Towards Multimodal Multitask Scene Understanding Models for Indoor Mobile Agents
This addresses the challenge of insufficient labeled data and multimodal fusion for indoor mobile agents, though it is incremental as it builds on existing multitask and multimodal approaches.
The paper tackles the problem of indoor scene understanding for mobile agents by proposing a multimodal multitask model that handles RGB images and Lidar inputs to perform tasks like 3D object detection, depth completion, human pose estimation, and semantic segmentation, achieving improvements such as an 11.7% boost in 3D object detection on the ARKitScenes dataset.
The perception system in personalized mobile agents requires developing indoor scene understanding models, which can understand 3D geometries, capture objectiveness, analyze human behaviors, etc.
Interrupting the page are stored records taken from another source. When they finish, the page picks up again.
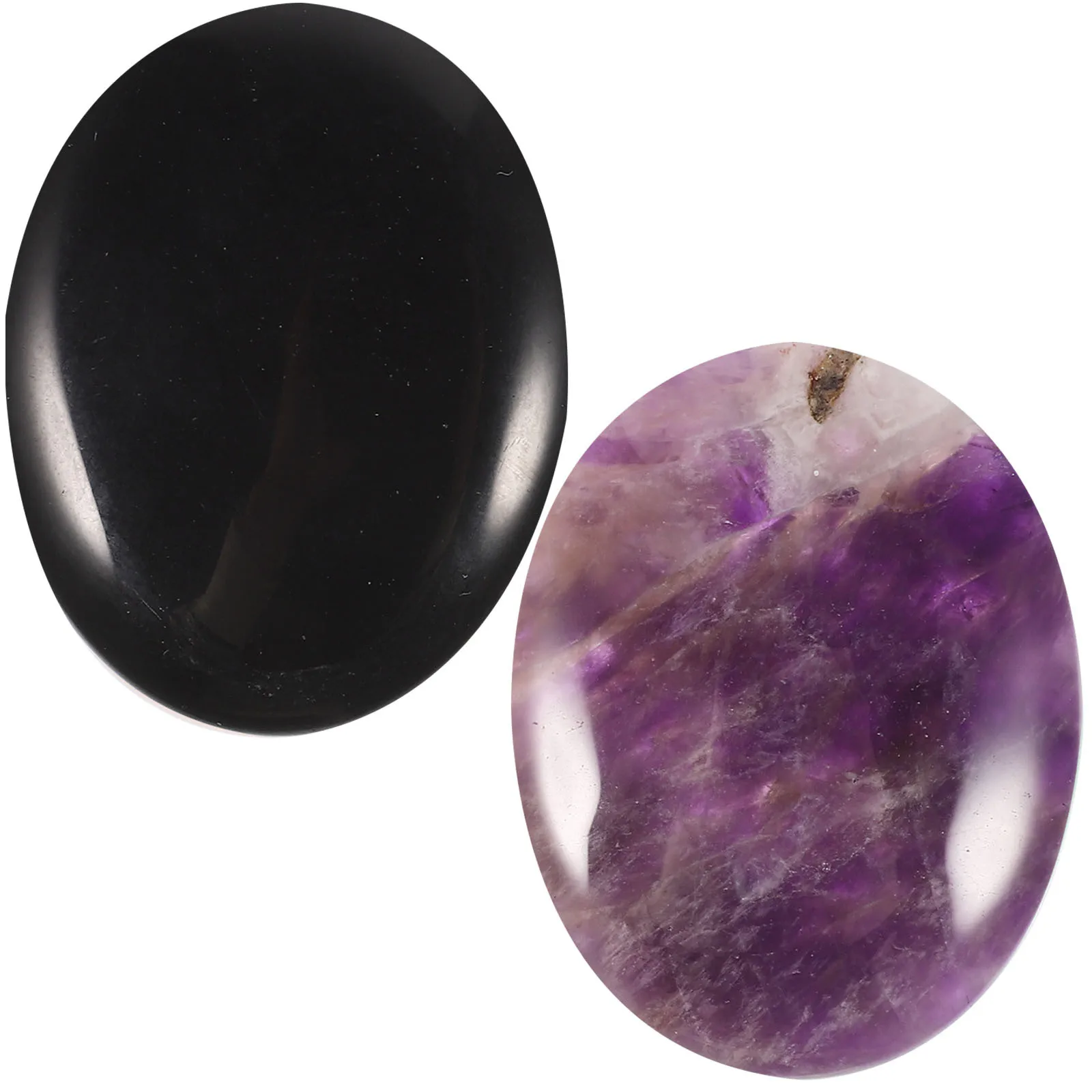 

2Pcs Oval Shape Crystal Stone Craft Exquisite Desktop Decor for Home Office Bedroom Party Interior Design Portable Adornment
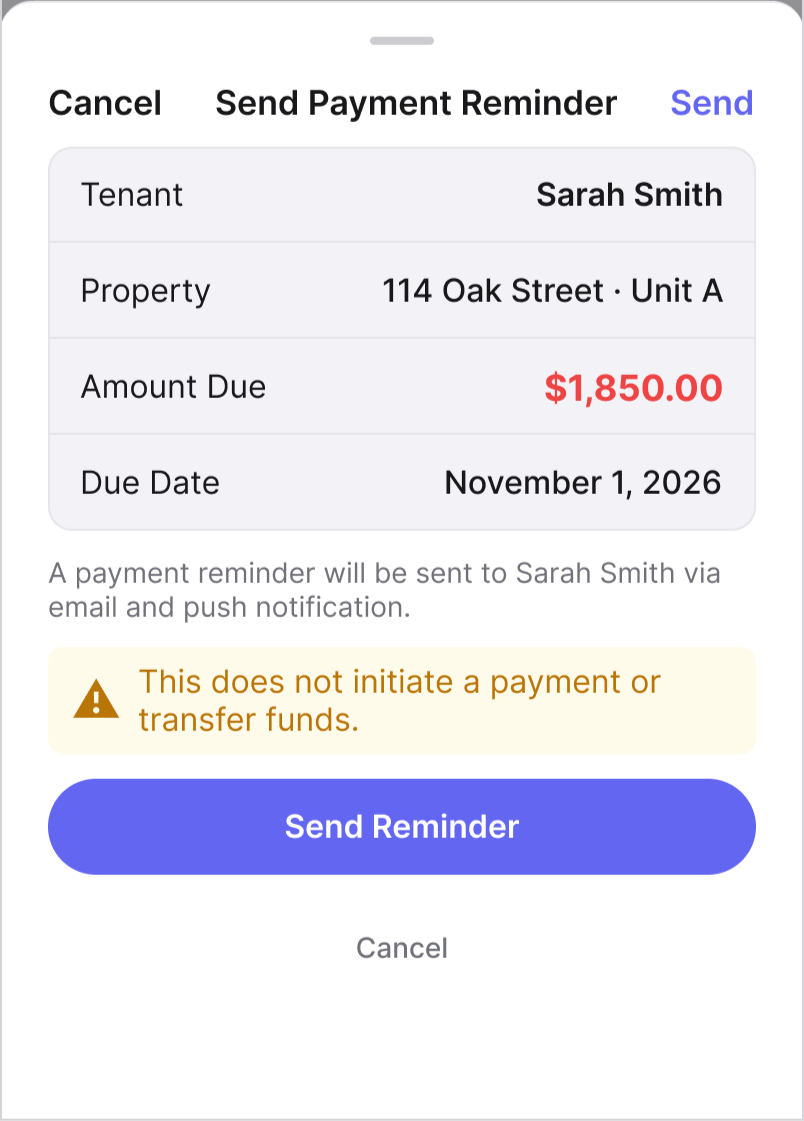 iOS payment reminder.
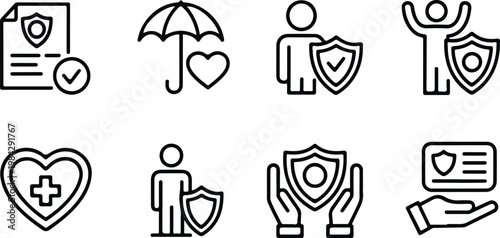 Minimalist black and white healthcare protection icon set with eight safety symbols arranged in clean 2x4 grid composition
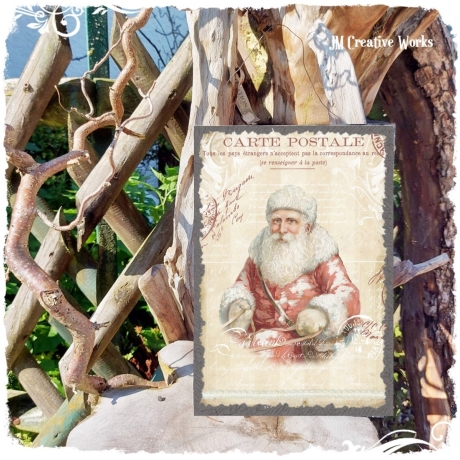 Holzschild-Shabby Weihnachtsmann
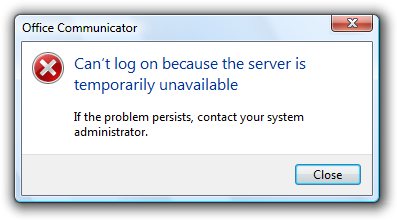 screen shot of message: server unavailable
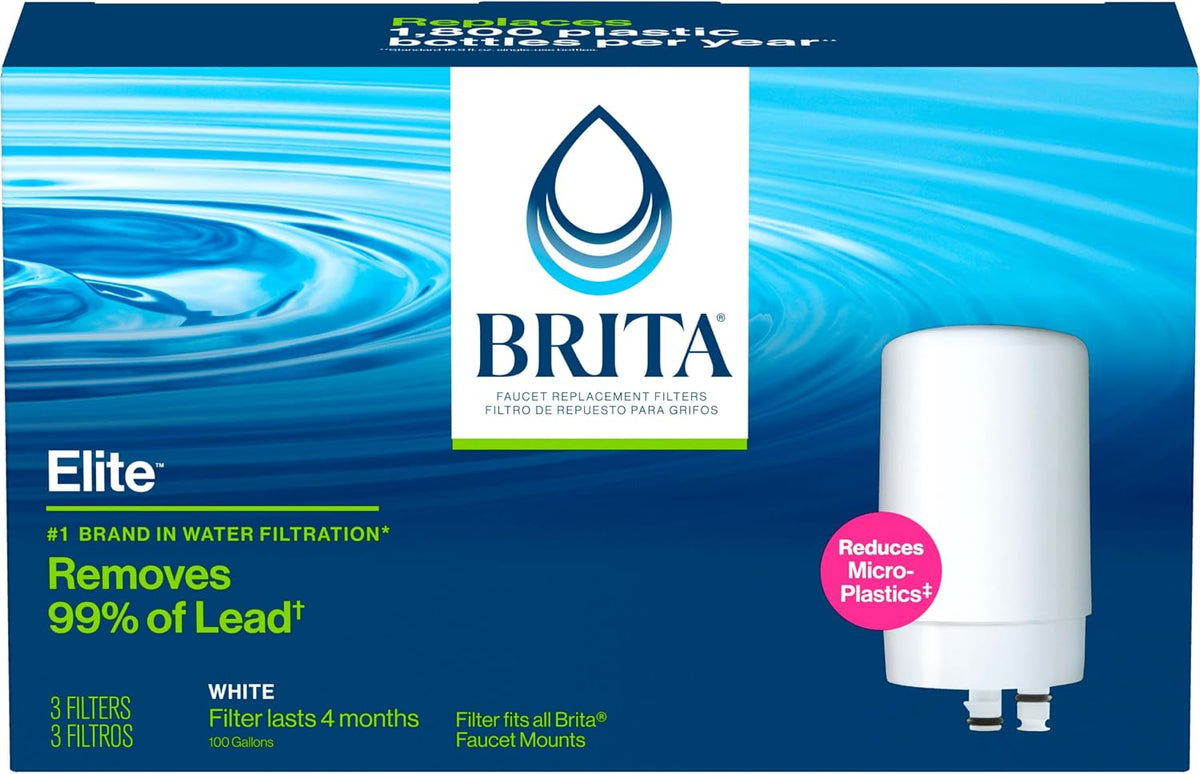 Brita® Elite faucet mount replacement filter, white, 3-pack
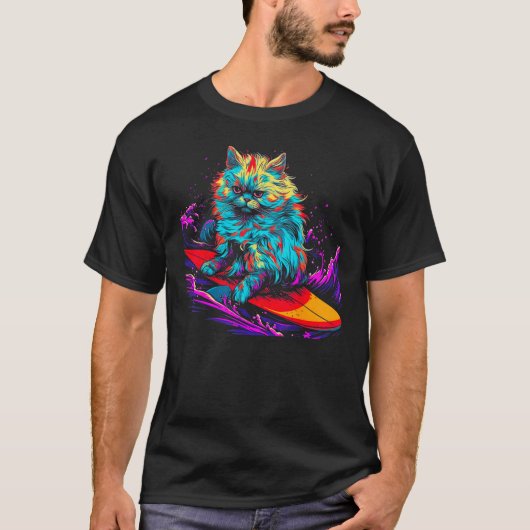 Persiaanse Kat Surft T-shirt (Voorkant)
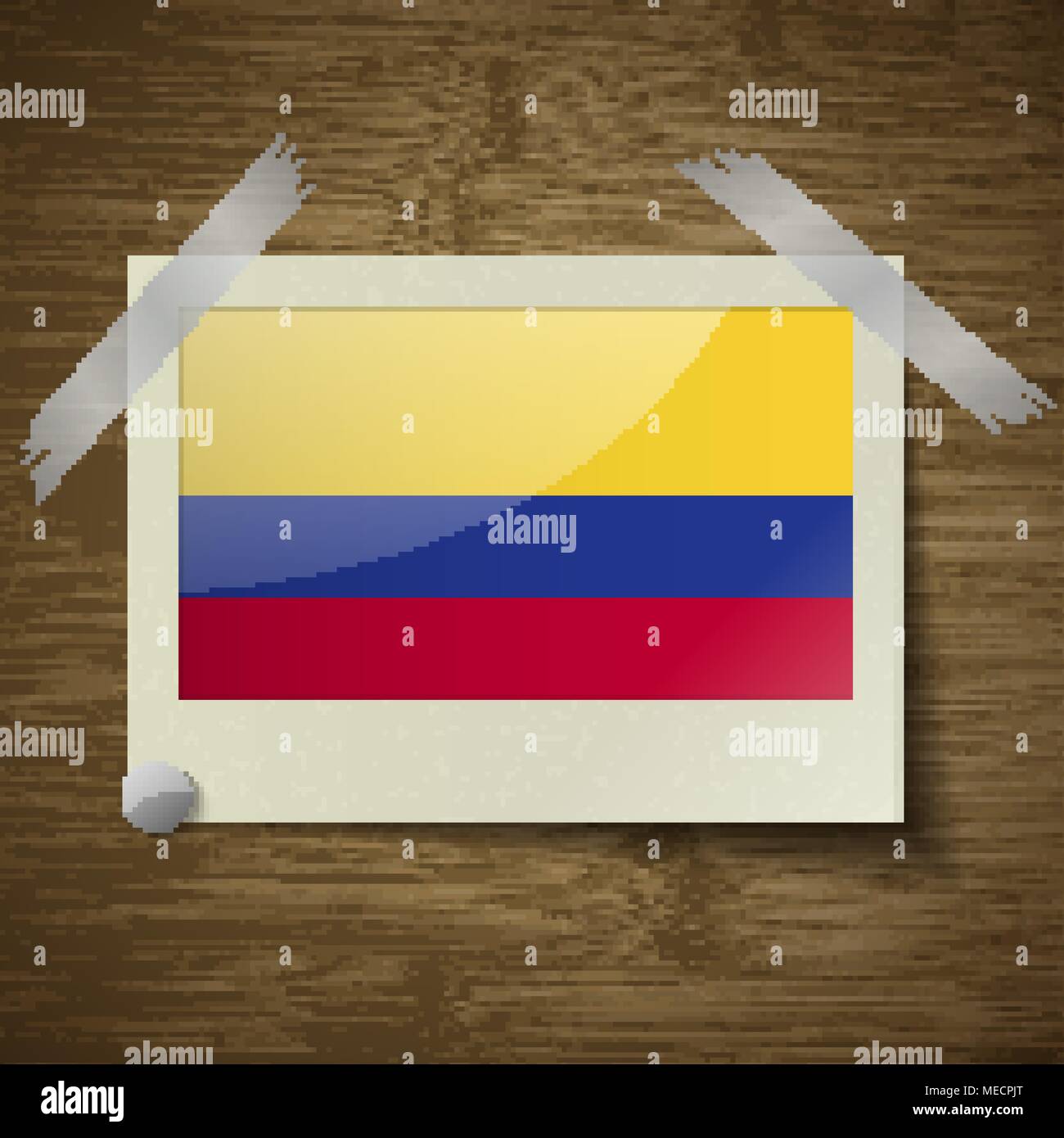 Flagge von Kolumbien am Rahmen auf Holz Textur. Vector Illustration Stock Vektor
Nonetheless, this direction has not been well-explored in comparison with models for outdoor environments (e.g., the autonomous driving system that includes pedestrian prediction, car detection, traffic sign recognition, etc.). In this paper, we first discuss the main challenge: insufficient, or even no, labeled data for real-world indoor environments, and other challenges such as fusion between heterogeneous sources of information (e.g., RGB images and Lidar point clouds), modeling relationships between a diverse set of outputs (e.g., 3D object locations, depth estimation, and human poses), and computational efficiency. Then, we describe MMISM (Multi-modality input Multi-task output Indoor Scene understanding Model) to tackle the above challenges. MMISM considers RGB images as well as sparse Lidar points as inputs and 3D object detection, depth completion, human pose estimation, and semantic segmentation as output tasks. We show that MMISM performs on par or even better than single-task models; e.g., we improve the baseline 3D object detection results by 11.7% on the benchmark ARKitScenes dataset.